La Aduana anunció el lunes que había incautado más de 25.000 artículos pirotécnicos importados ilegalmente desde Bélgica en una empresa de la metrópoli de Lille a finales de junio, en plena celebración del Mundial y en vísperas de la fiesta nacional del 14 de julio.
En este negocio, que “no tenía ninguna autorización para pólvoras y explosivos”, los funcionarios de aduanas de Lille descubrieron alrededor de 15.000 artículos de la categoría T1, dispositivos pirotécnicos destinados a un uso teatral y profesional, incluidos grandes morteros, según un comunicado de prensa.
Los demás bienes incautados son pequeños objetos de la categoría F1 y fuegos artificiales de jardín (F2), cuya venta está reservada a los adultos, añade la aduana.
Esta incautación “demuestra la determinación de las aduanas de neutralizar las cadenas de suministro ilícitas como fechas límite riesgosas” como la Copa del Mundo de fútbol y las fiestas nacionales, destaca el comunicado de prensa.
Un mercado en rápida expansión
En las últimas semanas, los funcionarios de aduanas de Isla de Francia también han incautado “680 artefactos pirotécnicos en centros de transporte urgente y postal”, procedentes “principalmente de la República Checa y de Polonia”, precisa.
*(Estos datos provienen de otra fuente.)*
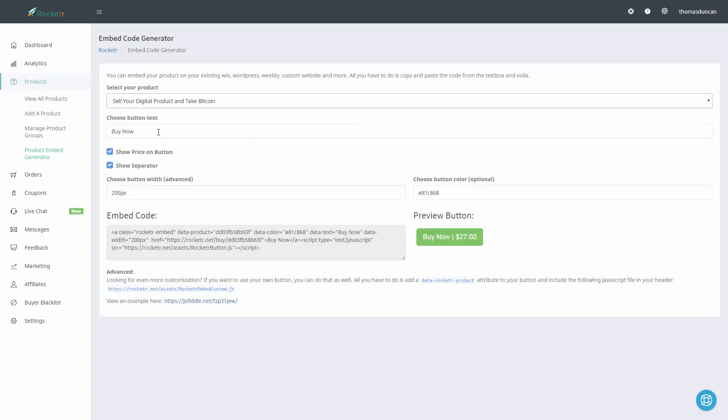We're going to choose what that button text is going to say. So for example if we want to say download now we can do that.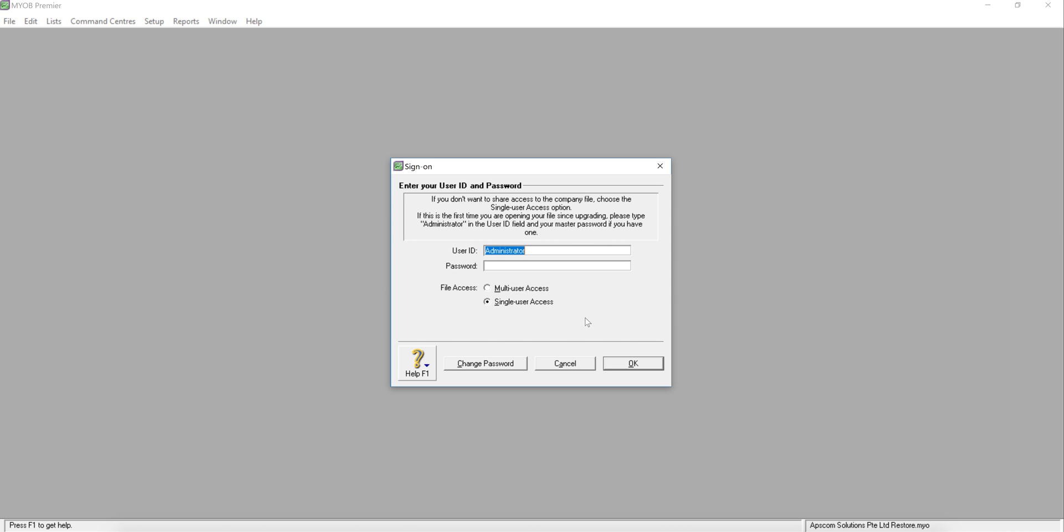That's all for how to do the restore and backup in MYOB. Thank you.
En 2025, se incautaron en Francia casi 190.000 artefactos pirotécnicos, de los cuales 132.245 sólo en diciembre, frente a menos de 38.000 en toda la retirada aduanera de 2024.
Debido al actual episodio de sequía y calor que ha afectado a gran parte del territorio, las prefecturas de varias regiones advierten contra el uso no autorizado de fuegos artificiales en zonas áridas que podrían correr el riesgo de incendiarse, y muchos municipios han abandonado los fuegos artificiales inicialmente previstos para la fiesta nacional.